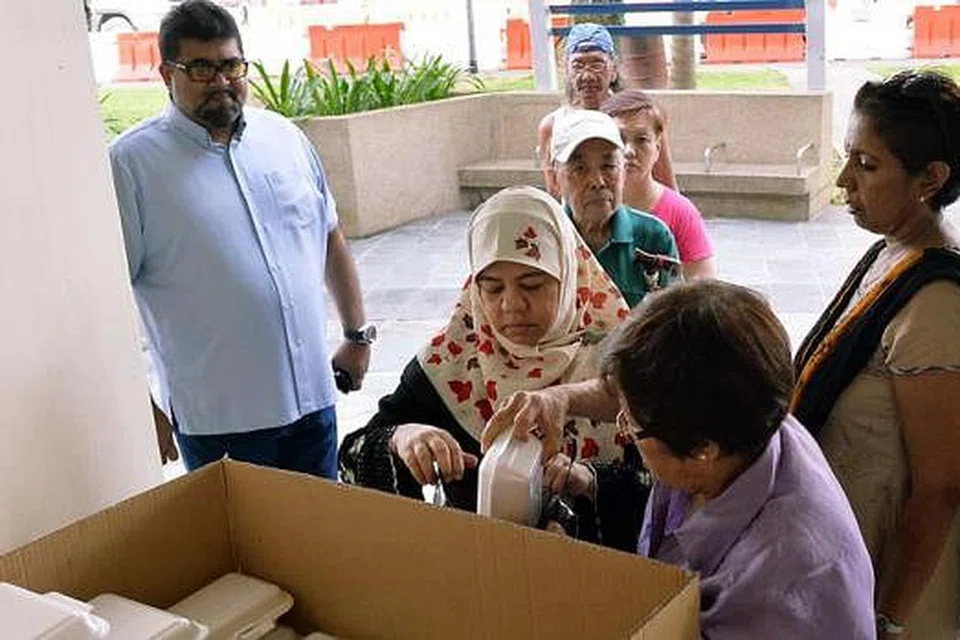 SEMANGAT MEMBANTU YANG KUAT: Encik Nizar Mohd Shariff (kiri) melihat bungkusan makanan yang diedarkan kepada golongan susah di kolong sebuah blok flat di Marine Terrace baru-baru ini. - Foto KHALID BABA
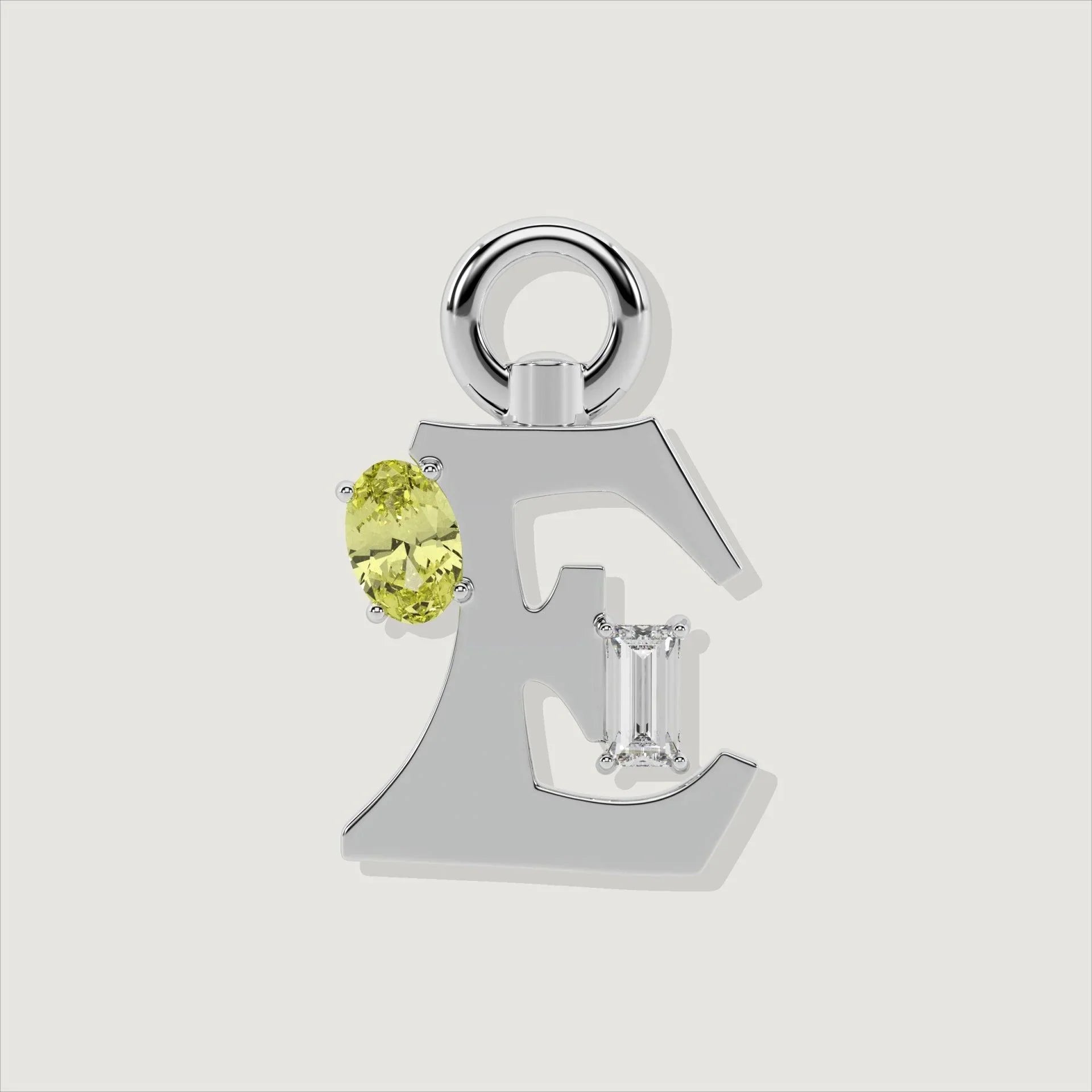 Silver letter E charm featuring oval yellow gemstone and baguette-cut clear stone.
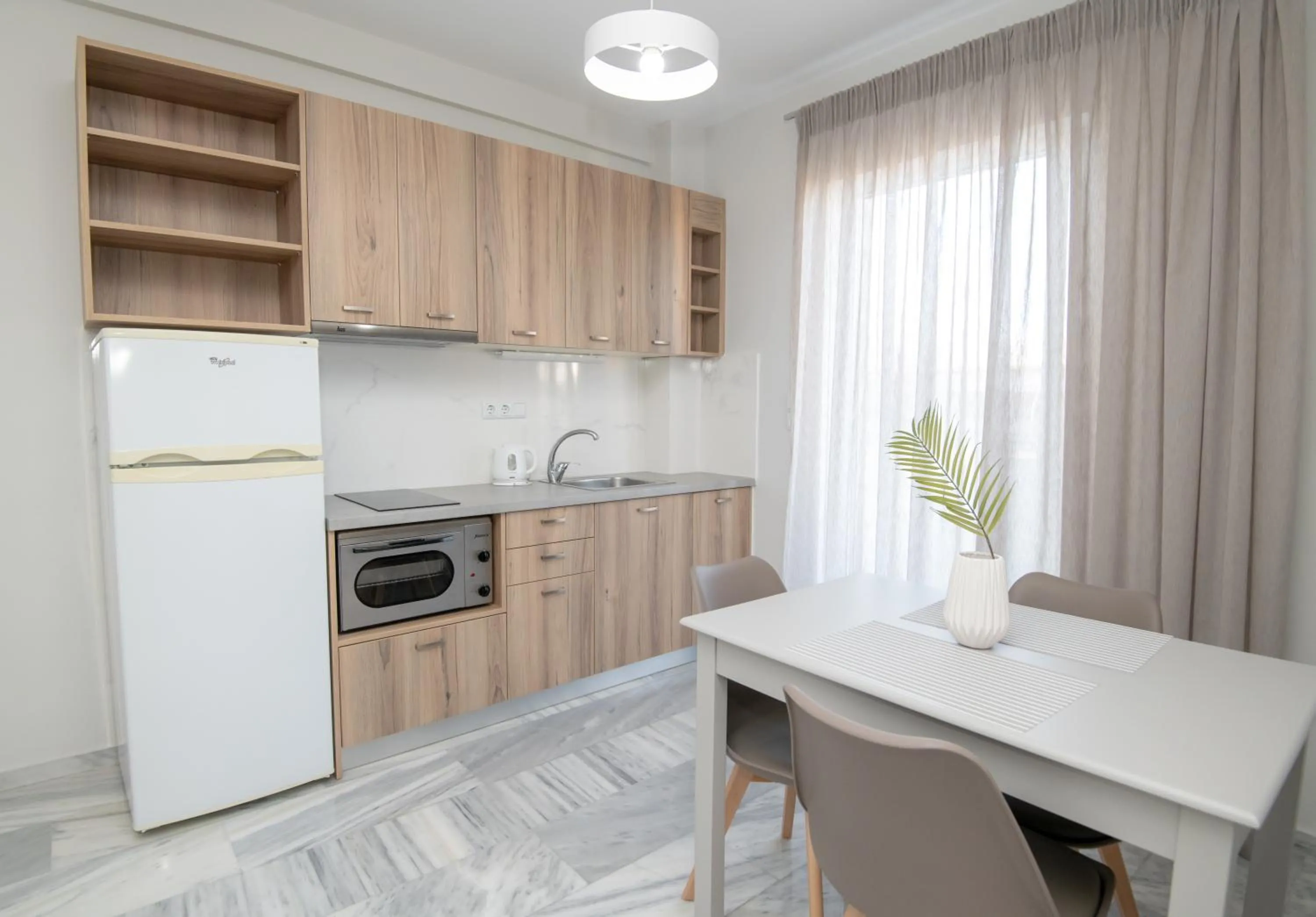 Kitchen or kitchenette in Mardinik Hotel Apartments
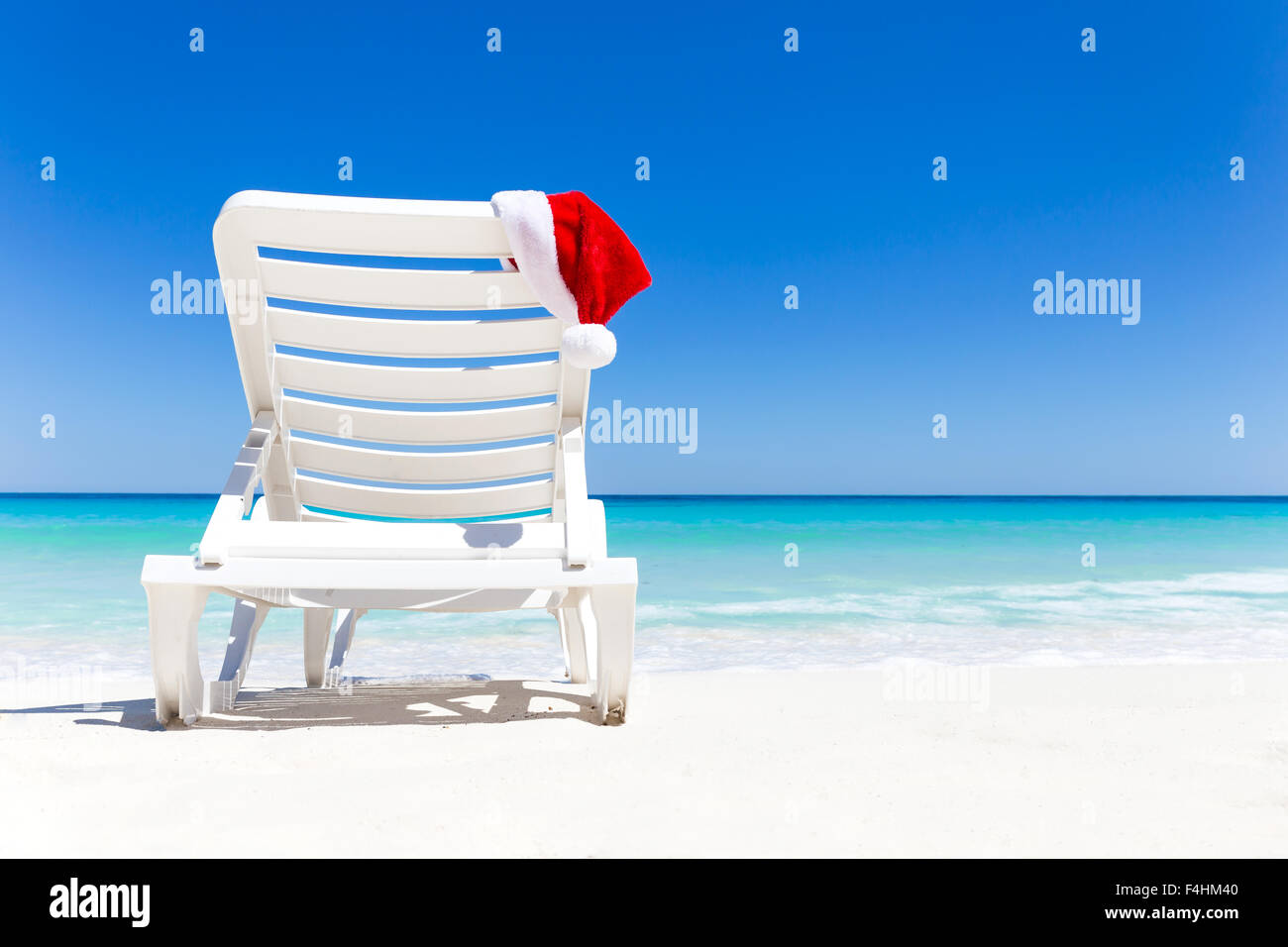 Santa Claus Hat sur les transats près de tropical calme plage avec de l'eau de la mer turquoise des Caraïbes et du sable blanc. Vacances de Noël concep Banque D'Images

* What to work on *
Make an exact copy of the listing. Leave its pictures out.

* Answer for the task *
 SEMANGAT MEMBANTU YANG KUAT: Encik Nizar Mohd Shariff (kiri) melihat bungkusan makanan yang diedarkan kepada golongan susah di kolong sebuah blok flat di Marine Terrace baru-baru ini. - Foto KHALID BABA
 Silver letter E charm featuring oval yellow gemstone and baguette-cut clear stone.
 Kitchen or kitchenette in Mardinik Hotel Apartments
 Santa Claus Hat sur les transats près de tropical calme plage avec de l'eau de la mer turquoise des Caraïbes et du sable blanc. Vacances de Noël concep Banque D'Images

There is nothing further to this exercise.